Ao interligar os sistemas de tramitação processual dos tribunais brasileiros e com os sistema do INSS, será possível e automatizar procedimentos de comunicação processual nas ações previdenciárias – requisições automáticas de documentos ao INSS, processos administrativos previdenciários, laudos de perícias, dossiês dos segurados – para enfrentar o volume de demandas que chega ao Judiciário. A comunicação das ordens judiciais também passará a ser emitidas automaticamente pelo sistema do tribunal ao sistema do INSS, o que deve dar mais celeridade ao cumprimento das decisões judiciais envolvendo questões previdenciárias.

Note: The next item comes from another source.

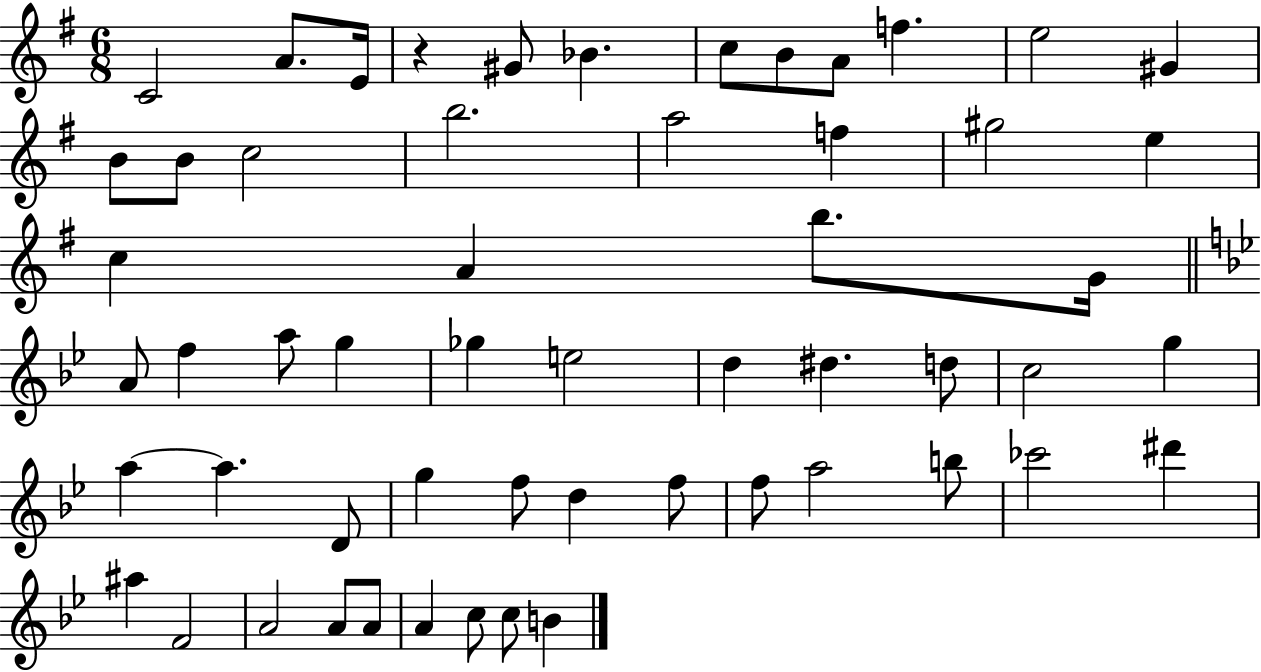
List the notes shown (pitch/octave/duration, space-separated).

C4/h A4/e. E4/s R/q G#4/e Bb4/q. C5/e B4/e A4/e F5/q. E5/h G#4/q B4/e B4/e C5/h B5/h. A5/h F5/q G#5/h E5/q C5/q A4/q B5/e. G4/s A4/e F5/q A5/e G5/q Gb5/q E5/h D5/q D#5/q. D5/e C5/h G5/q A5/q A5/q. D4/e G5/q F5/e D5/q F5/e F5/e A5/h B5/e CES6/h D#6/q A#5/q F4/h A4/h A4/e A4/e A4/q C5/e C5/e B4/q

Veja a íntegra da pesquisa “A judicialização de benefícios previdenciários e assistenciais”
Perícias distintas
Outro fator que expõe a divergência de interpretações entre INSS e Poder Judiciário diz respeito às perícias. Os processos relativos aos benefícios assistenciais e por incapacidade , que representam enorme volume no acervo das ações movidas em face do INSS, demandam o trabalho de peritos médicos: benefícios por incapacidades temporária e definitiva, auxílio-acidente, aposentadoria por invalidez, Benefício de Prestação Continuada (BPC) e aposentadoria da pessoa com deficiência. Quando o pedido é negado pelo INSS e acaba sendo levado à Justiça, dois peritos com vivências, regras e contextos profissionais distintos analisam a mesma questão. Além disso, em muitos casos, o resultado da perícia feita pelo INSS não é apresentado na via judicial para apreciação pelo julgador.

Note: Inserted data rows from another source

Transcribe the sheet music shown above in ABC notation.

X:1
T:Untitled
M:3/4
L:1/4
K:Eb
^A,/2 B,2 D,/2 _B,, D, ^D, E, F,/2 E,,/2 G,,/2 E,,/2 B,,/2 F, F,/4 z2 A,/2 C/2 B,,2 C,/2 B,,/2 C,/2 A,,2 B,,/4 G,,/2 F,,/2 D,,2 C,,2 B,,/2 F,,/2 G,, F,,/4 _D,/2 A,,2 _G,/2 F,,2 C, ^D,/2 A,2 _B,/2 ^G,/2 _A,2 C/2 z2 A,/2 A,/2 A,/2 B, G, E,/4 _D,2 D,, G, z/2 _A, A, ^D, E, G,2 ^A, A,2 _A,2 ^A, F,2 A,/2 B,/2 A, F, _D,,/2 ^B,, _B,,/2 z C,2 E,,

Quando a “perícia administrativa” é discutida na Justiça, o segurado tem mais chances de ter acolhido seu pedido de revisão da decisão administrativa que negou um determinado benefício, o que causa aumento do incentivo à judicialização. “A análise quantitativa de textos de decisões indicou que os casos (judicializados) que tratam de perícia administrativa estão associados à probabilidade de sucesso (provimento em favor do segurado), em média, de 35,3 pontos percentuais maior do que em casos que não tratam desse tema”, afirmam os autores do estudo.
Massa de dados
Entre as fontes de informações analisadas ao longo da pesquisa, foram 9.253.045 processos administrativos do INSS, 593.772 concessões em decorrência de decisão judicial, entre dezembro de 2018 e dezembro de 2019, dados administrativos agregados para os 10 anos anteriores; dados de gestão processual da justiça, incluindo 9.027.825 processos judiciais que tramitaram entre 2015 e 2019; textos de decisões judiciais referentes a 1.334.814 processos entre 2015 e 2019; e entrevistas semiestruturadas com 45 representantes dos sistemas de justiça e previdenciário.
Também participaram como debatedores no evento a conselheira Candice Jobim, o juiz federal José Antônio Savaris, a advogada Gisele Kravchychyn e a procuradora-geral Nara Levy.